Robson

Personal information
- Full name: Robson Severino da Silva
- Date of birth: 10 July 1983 (age 42)
- Place of birth: Recife, Brazil
- Height: 1.87 m (6 ft 2 in)
- Position: Centre back

Senior career*
- Years: Team / Apps / (Gls)
- 2004: Itabaiana
- 2005: Mogi Mirim / 14 / (0)
- 2006: Itabaiana / 10 / (0)
- 2006–2007: Gondomar / 29 / (0)
- 2007–2009: Vitória Setúbal / 57 / (2)
- 2009–2012: Marítimo / 62 / (0)
- 2012–2014: Oud-Heverlee Leuven / 54 / (2)
- 2014–2015: Waasland-Beveren / 30 / (3)
- Total:  / 256 / (7)

= Robson (footballer, born 1983) =

Brazilian footballer

Robson Severino da Silva (born 10 July 1983), known simply as Robson, is a Brazilian former professional footballer who played as a central defender.

==Club career==
Born in Recife, Pernambuco, Robson played lower league football in his early years. In June 2005 he signed a six-month contract with Mogi Mirim Esporte Clube of the third division, then joined Associação Olímpica de Itabaiana in the League of Sergipe state.

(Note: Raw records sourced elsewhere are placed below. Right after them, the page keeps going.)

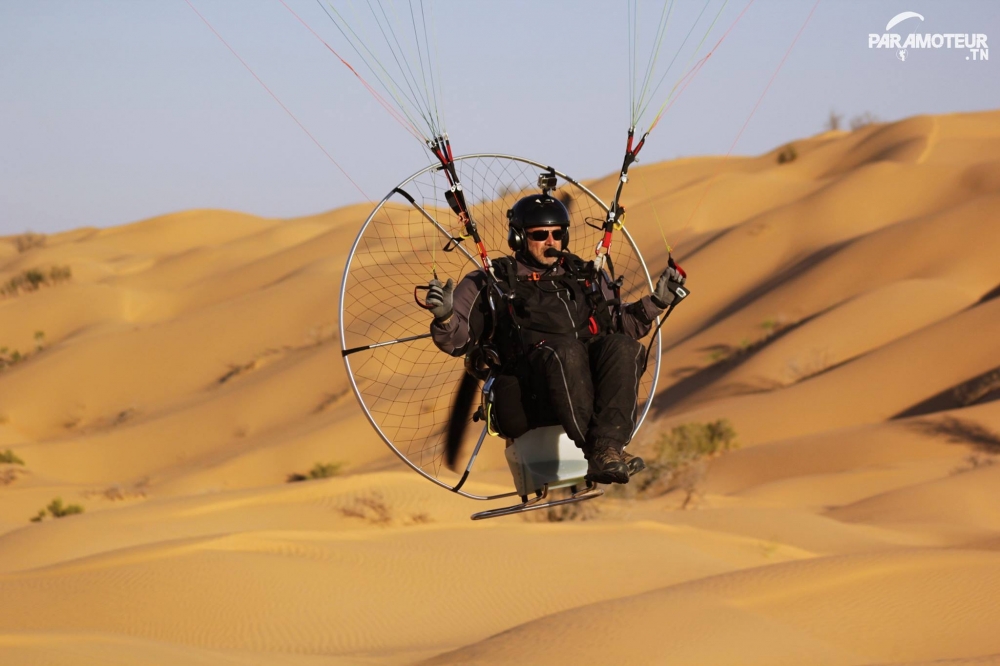 Du-paramoteur-dans-le-Sahara-paramoteur-9.jpg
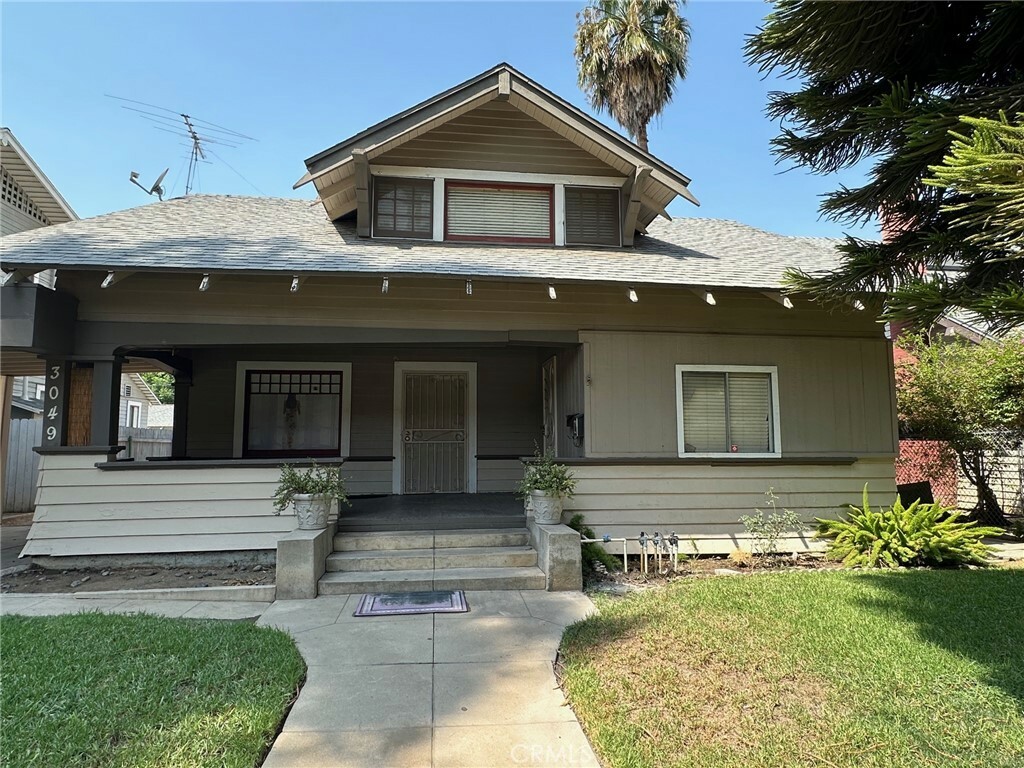 3049 Mulberry Street  Riverside CA 92501 photo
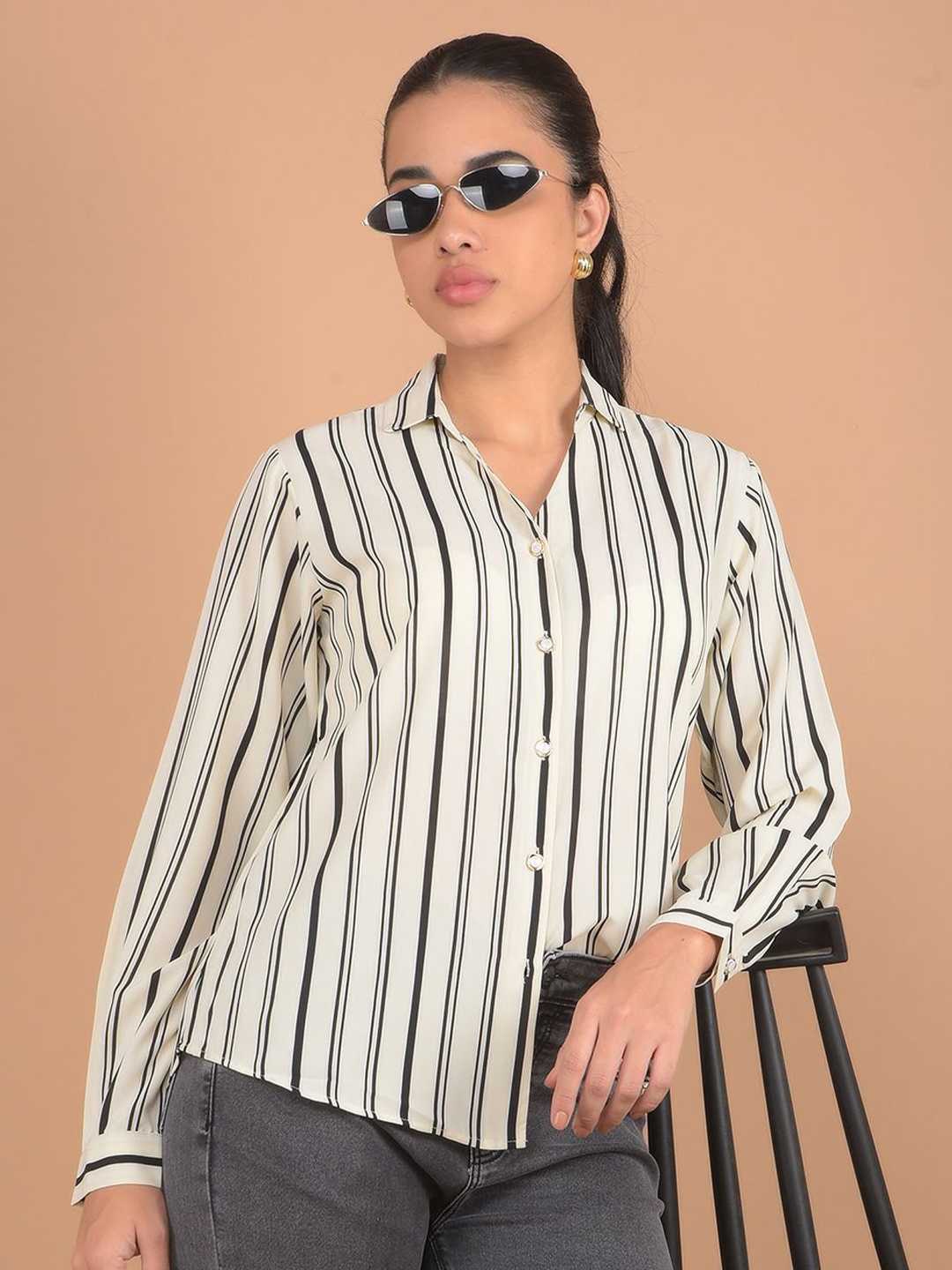 

Crimsoune Club Women Spread Collar Vertical Striped Slim Fit Casual Shirt, White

In the summer of 2006, Robson signed for Portuguese second level club Gondomar S.C. and, the following season, at the age of 24, made his Primeira Liga debut – in his country or abroad – with Vitória de Setúbal. His first game in the competition was on 19 August 2007, as he played the full 90 minutes in a 1–1 away draw against Vitória de Guimarães.

On 7 July 2009, after having helped the Sadinos consecutively retain their status and only missing a combined three matches, Robson stayed in the country, agreeing to a three-year deal with C.S. Marítimo after having arrived for free. He made an average of 20 league appearances during his spell in Madeira.

Again as a free agent, on 19 September 2012, Robson moved to Belgian First Division A side Oud-Heverlee Leuven. In the 2014 off-season, following his team's relegation to the second tier, he rejoined his former coach Ronny Van Geneugden at Waasland-Beveren.